## Scrapping migration flows data for The Bronx, New York 

This notebook scrapes data from the [US Census American Community Survey (ACS) Migration Flows API](https://www.census.gov/data/developers/data-sets/acs-migration-flows.html), which documents the estimate of movers between counties over a five-year period. This scrapper makes use of the US Census' 2018-2022 ACS data set. 

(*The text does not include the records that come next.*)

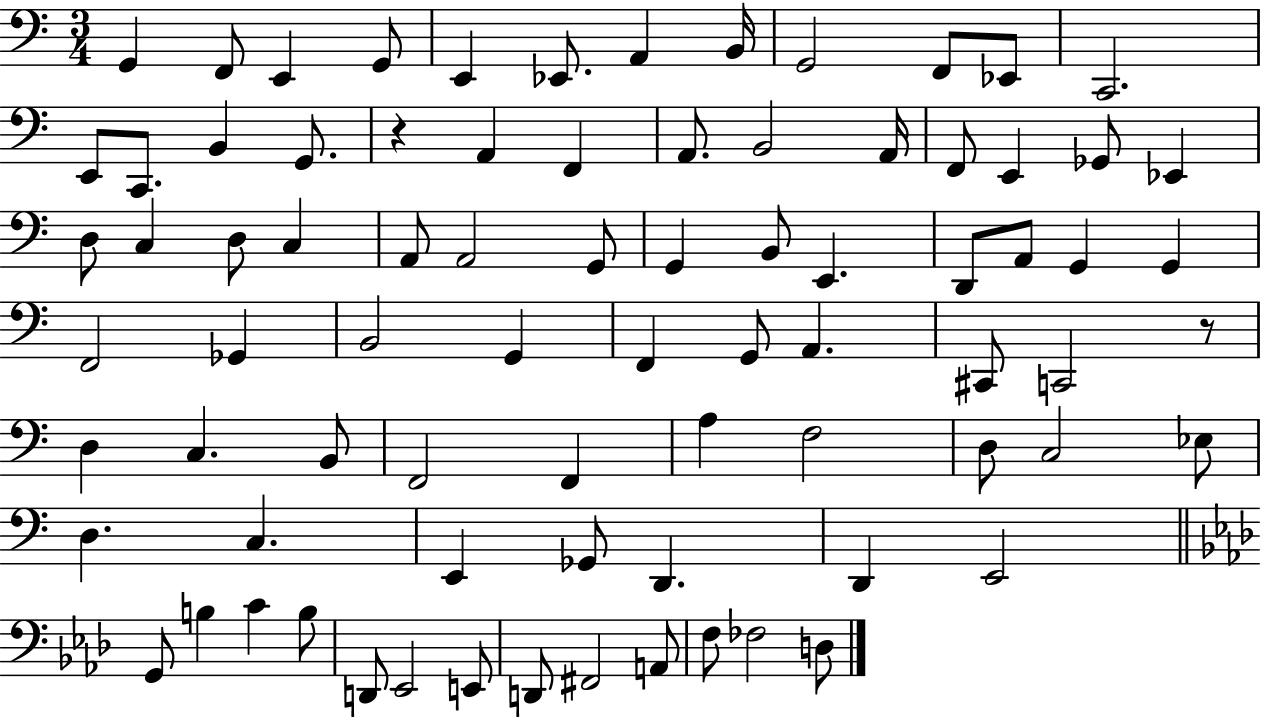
{
  \clef bass
  \numericTimeSignature
  \time 3/4
  \key c \major
  g,4 f,8 e,4 g,8 | e,4 ees,8. a,4 b,16 | g,2 f,8 ees,8 | c,2. | \break e,8 c,8. b,4 g,8. | r4 a,4 f,4 | a,8. b,2 a,16 | f,8 e,4 ges,8 ees,4 | \break d8 c4 d8 c4 | a,8 a,2 g,8 | g,4 b,8 e,4. | d,8 a,8 g,4 g,4 | \break f,2 ges,4 | b,2 g,4 | f,4 g,8 a,4. | cis,8 c,2 r8 | \break d4 c4. b,8 | f,2 f,4 | a4 f2 | d8 c2 ees8 | \break d4. c4. | e,4 ges,8 d,4. | d,4 e,2 | \bar "||" \break \key aes \major g,8 b4 c'4 b8 | d,8 ees,2 e,8 | d,8 fis,2 a,8 | f8 fes2 d8 | \break \bar "|."
}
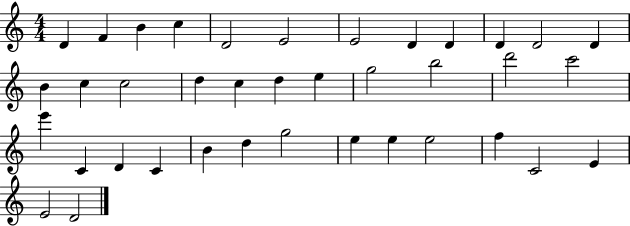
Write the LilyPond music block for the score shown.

{
  \clef treble
  \numericTimeSignature
  \time 4/4
  \key c \major
  d'4 f'4 b'4 c''4 | d'2 e'2 | e'2 d'4 d'4 | d'4 d'2 d'4 | \break b'4 c''4 c''2 | d''4 c''4 d''4 e''4 | g''2 b''2 | d'''2 c'''2 | \break e'''4 c'4 d'4 c'4 | b'4 d''4 g''2 | e''4 e''4 e''2 | f''4 c'2 e'4 | \break e'2 d'2 | \bar "|."
}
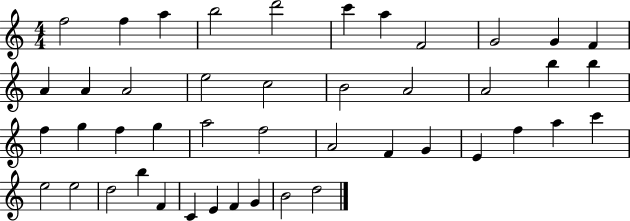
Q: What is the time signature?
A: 4/4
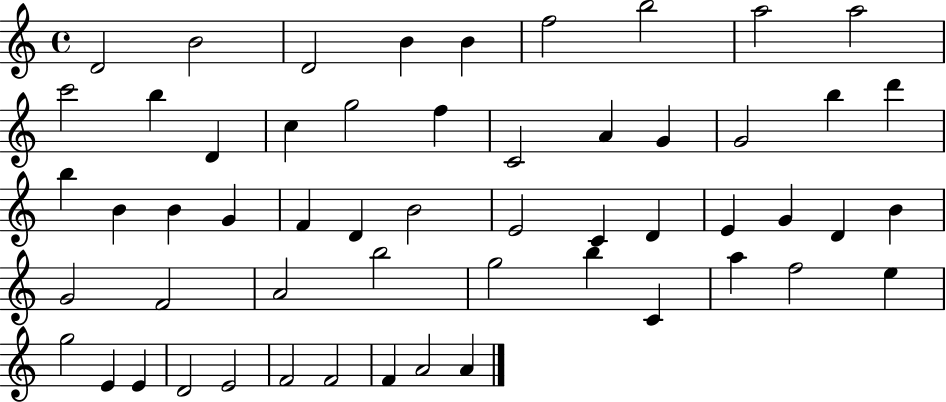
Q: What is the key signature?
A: C major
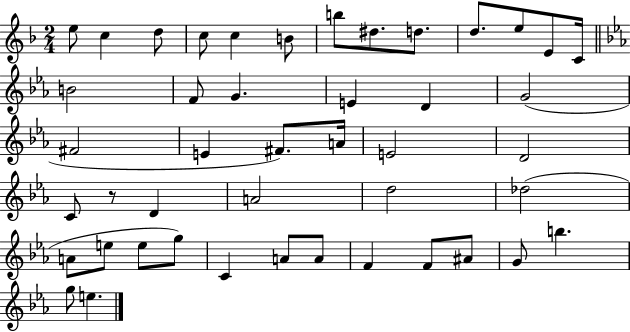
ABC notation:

X:1
T:Untitled
M:2/4
L:1/4
K:F
e/2 c d/2 c/2 c B/2 b/2 ^d/2 d/2 d/2 e/2 E/2 C/4 B2 F/2 G E D G2 ^F2 E ^F/2 A/4 E2 D2 C/2 z/2 D A2 d2 _d2 A/2 e/2 e/2 g/2 C A/2 A/2 F F/2 ^A/2 G/2 b g/2 e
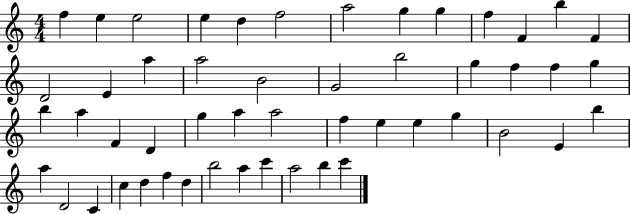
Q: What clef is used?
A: treble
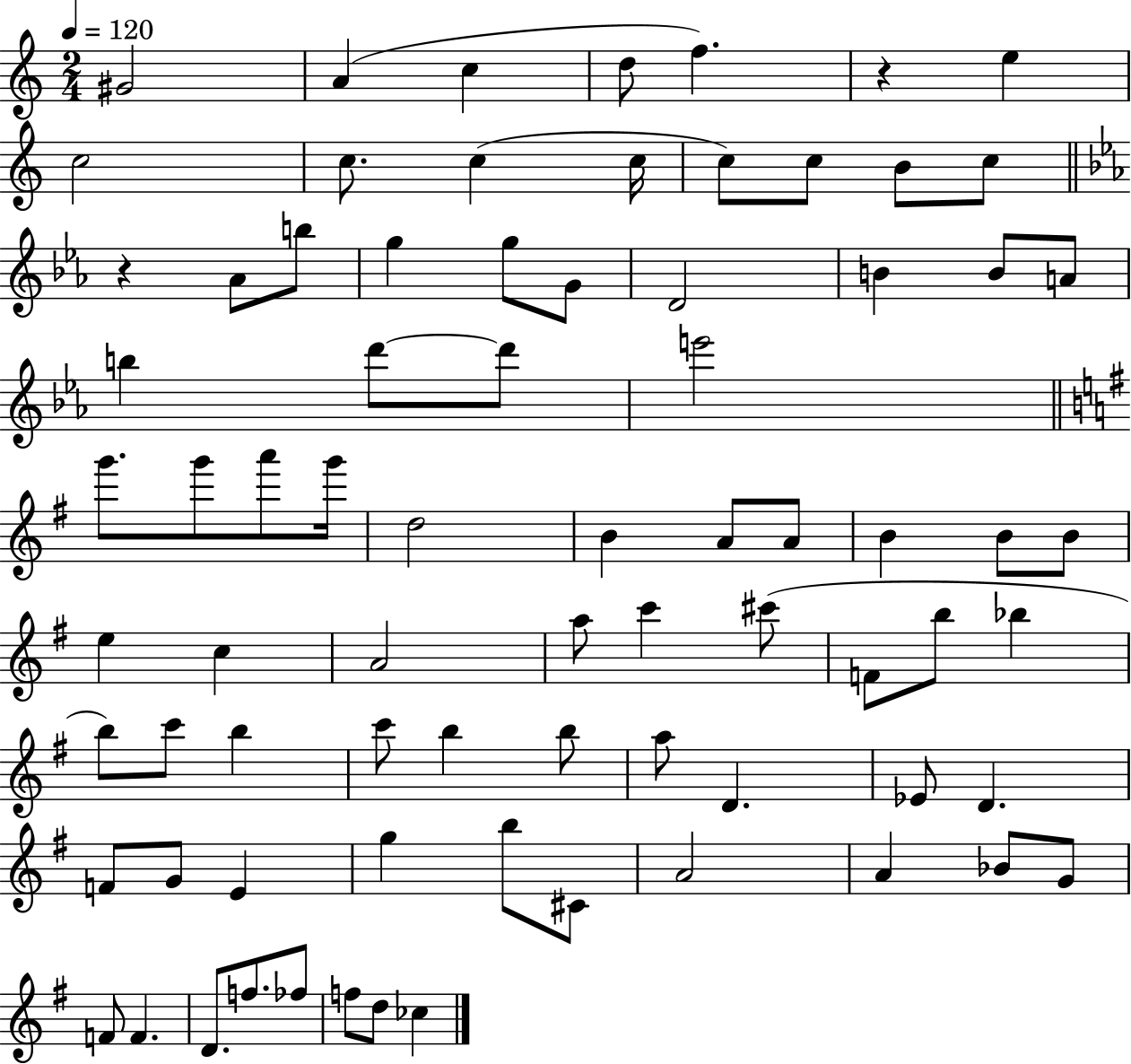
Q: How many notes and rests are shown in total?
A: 77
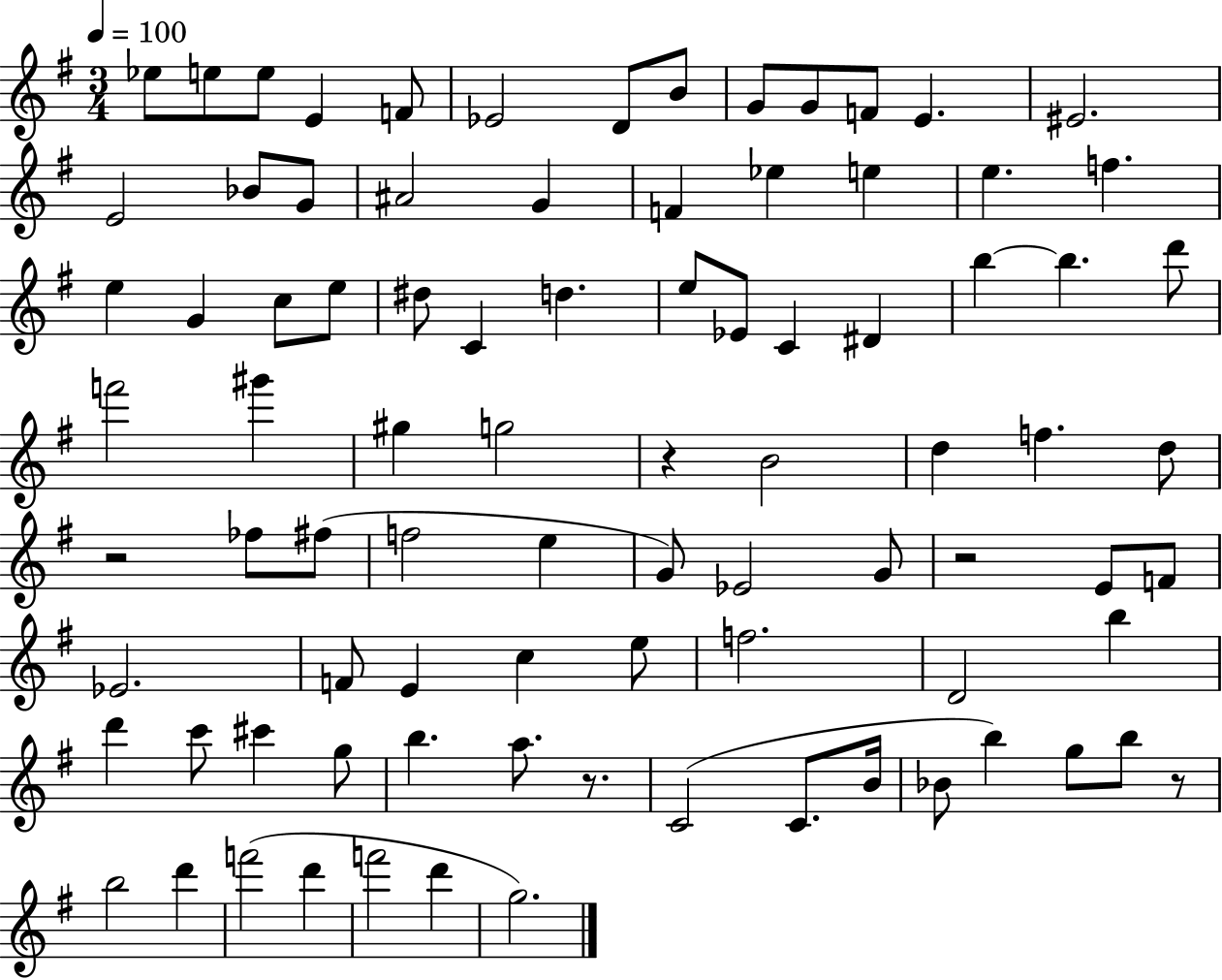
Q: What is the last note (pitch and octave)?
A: G5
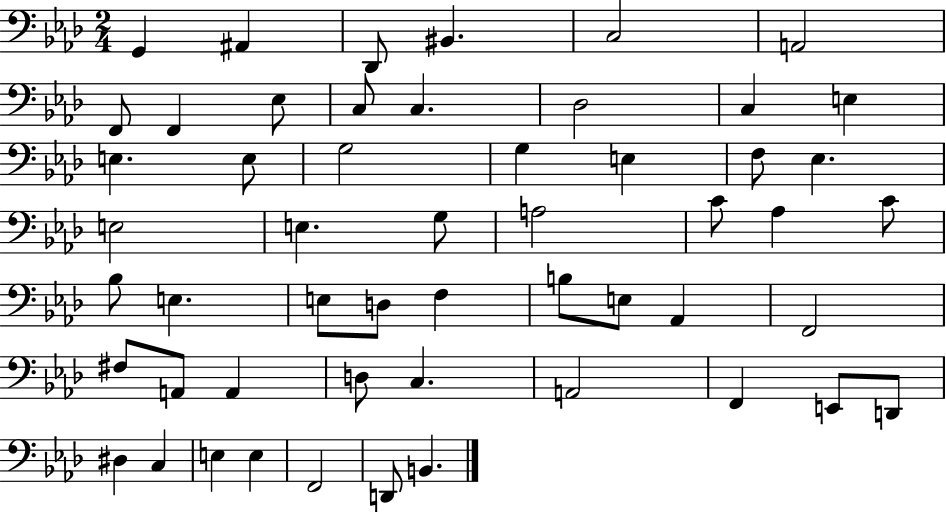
X:1
T:Untitled
M:2/4
L:1/4
K:Ab
G,, ^A,, _D,,/2 ^B,, C,2 A,,2 F,,/2 F,, _E,/2 C,/2 C, _D,2 C, E, E, E,/2 G,2 G, E, F,/2 _E, E,2 E, G,/2 A,2 C/2 _A, C/2 _B,/2 E, E,/2 D,/2 F, B,/2 E,/2 _A,, F,,2 ^F,/2 A,,/2 A,, D,/2 C, A,,2 F,, E,,/2 D,,/2 ^D, C, E, E, F,,2 D,,/2 B,,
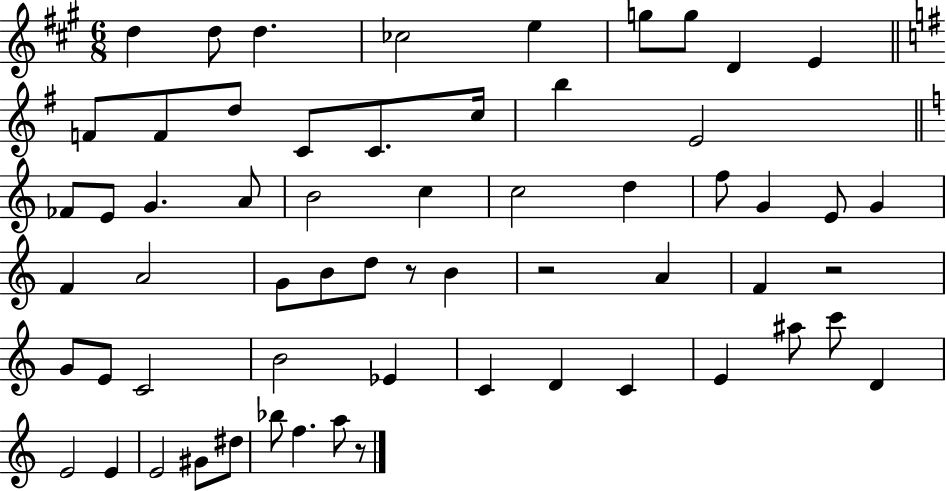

Although it accounts for some documented migrations from countries abroad, it does not account for all. It mainly documents state-to-county migrations, county-to-county migrations, and other smaller-scale migration flows (i.e., minor civil division (MCD) to minor civil division). 

Using this scrapper for other counties or states can be particularly helpful. However, this notebook focuses on The Bronx County in New York. 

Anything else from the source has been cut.